0

I am trying to read a lot of data(10k-20k records) from files (10 threads running for 10 mins). I get an exception:

Exception in thread "main" Exception in thread "Thread-26" java.lang.OutOfMemoryError: Java heap space
    at java.util.Arrays.copyOfRange(Unknown Source)
    at java.lang.String.<init>(Unknown Source)
    at java.io.BufferedReader.readLine(Unknown Source)
    at java.io.BufferedReader.readLine(Unknown Source)

I get the above error message for the code snippet below. I have been trying to debug this : and the closest I have come is to use CharSequence. But I still get the heap exception. (At this point - can anyone help me understand why CharSequence would be better? => It seems it'll load smaller amount of data in main memory, but eventually all the data needs to be in the main memory).

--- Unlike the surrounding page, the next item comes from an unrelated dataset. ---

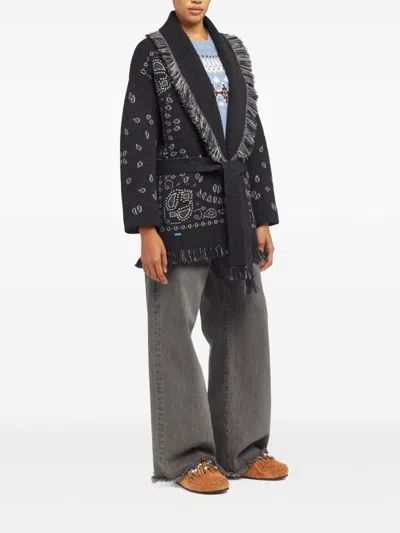 Alanui Bandana-jacquard Fringed Cardigan In Gray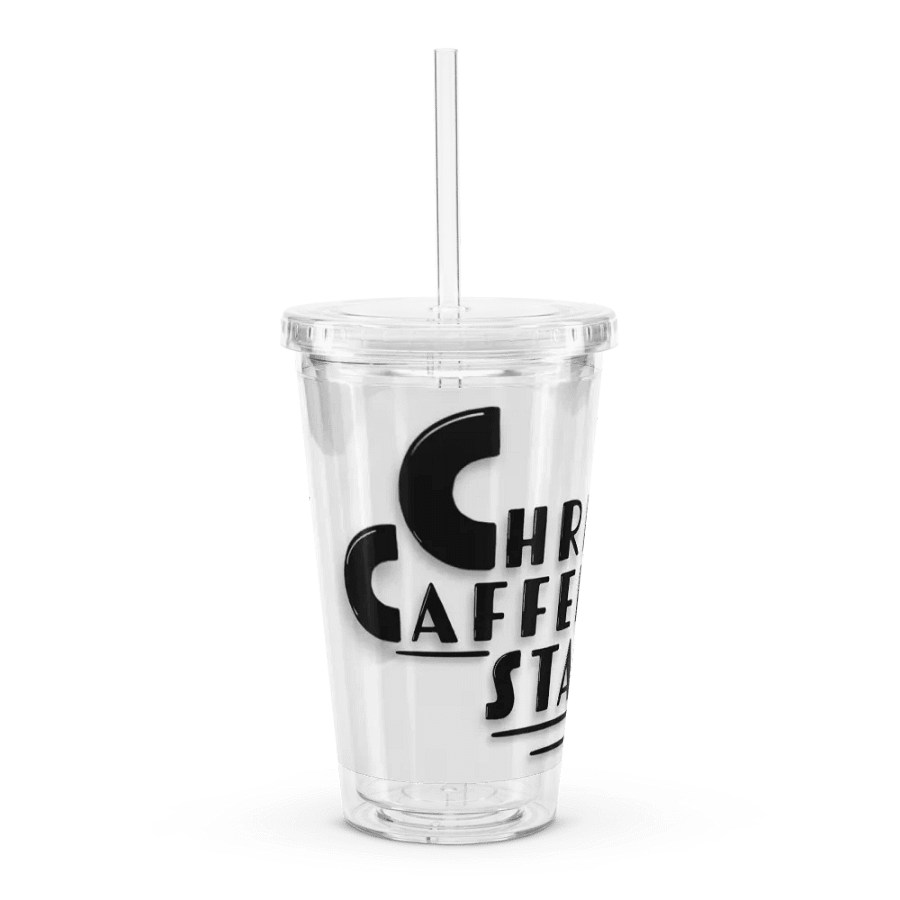 Clear Tumbler Cup with Lid & Straw - Black Text Logo product image (3)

I am able to run the code if for 1 min. But anything near 10 mins explodes. Is there an efficient way to read the files?

**This code is part of a research and I am still re-factoring it, so a lot of inefficient code does exist.

    try{
        for(int i=0; i<threadCount; i++){
            fstream = new FileInputStream(dir+"//read"+machineid+"-"+i + ".txt");
            // Use DataInputStream to read binary NOT text.
            BufferedReader br = new BufferedReader(new InputStreamReader(fstream));
            String line;
            // Read File Line By Line
            String[] tokens;

            while ((line = br.readLine()) != null) {
                tokens = line.split(",");
                logObject record = new logObject(tokens[0], tokens[1], tokens[2],tokens[3], tokens[4], tokens[5], tokens[6], tokens[7], "", tokens[8]);
                toBeProcessed[toBeProcessedArraySz] = record;
                toBeProcessedArraySz++;
                if(readToValidate == toBeProcessedArraySz){

                    try {
                        semaphore.acquire();
                    } catch (InterruptedException e) {
                        e.printStackTrace(System.out);
                    }
                    //create thread to process the read records
                    ValidationThread newVThread = new ValidationThread(props,toBeProcessed, updateStats, initCnt, semaphore, finalResults, staleSeqSemaphore, staleSeqTracker, seqTracker, seenSeqSemaphore, toBeProcessedArraySz, freshnessBuckets,bucketDuration);
                    vThreads.add(newVThread);
                    toBeProcessedArraySz = 0;
                    toBeProcessed = new logObject[readToValidate];
                    semaphore.release();
                    newVThread.start();
                }                       
            }
            br.close();//remove to test
            fstream.close();                
        }

    }catch(Exception e){
        e.printStackTrace(System.out);
    }
Peter Lawrey
  • 525,659
  • 79
  • 751
  • 1,130
Struggler
  • 672
  • 2
  • 9
  • 22
  • 1
    Have a look at http://stackoverflow.com/questions/1565388/increase-heap-size-in-java, but that's really putting off the problem, why do you need all the the content of all the files in memory at once. – Tony Hopkinson Oct 12 '13 at 11:22
  • 1
    Reading this code hurts on so many levels... You should take a look into the ExecutorService, it will solve many issues for you and just works out of the box. There is no need to reinvent existing functionality. – TwoThe Oct 12 '13 at 11:24
  • @TonyHopkinson: I am currently trying to do it in pieces. Because as you pointed; having them all in memory at once isn't exactly needed - and that works. But I would still like to know an answer to this problem from a learning perspective. – Struggler Oct 13 '13 at 21:57
  • @TwoThe: Thanks. I am looking it up right now! And yes I know the code needs to be in a better shape. But I don't think the researchers were interested in maintaining code. – Struggler Oct 13 '13 at 22:02

2 Answers2

2

Try starting the JVM with a larger heap space; that is call java -Xmx=1G yourProgram. It is hard to tell only by a code snippet why is the program running out of memory. You can also user a profiler tool such as Eclipse MAT to see exactly what objects cause the memory to be full.

Random42
  • 8,989
  • 6
  • 55
  • 86
  • It's already 1G. The people at the lab use 6G (it's a bigger dataset there) and still encounter issue intermittently. – Struggler Oct 15 '13 at 09:45
2

Do not simply increase the heapsize if you do not understand the problem. Increasing the heapsize does not solve your problem. It only postpones it till it's worse (taking longer to occur).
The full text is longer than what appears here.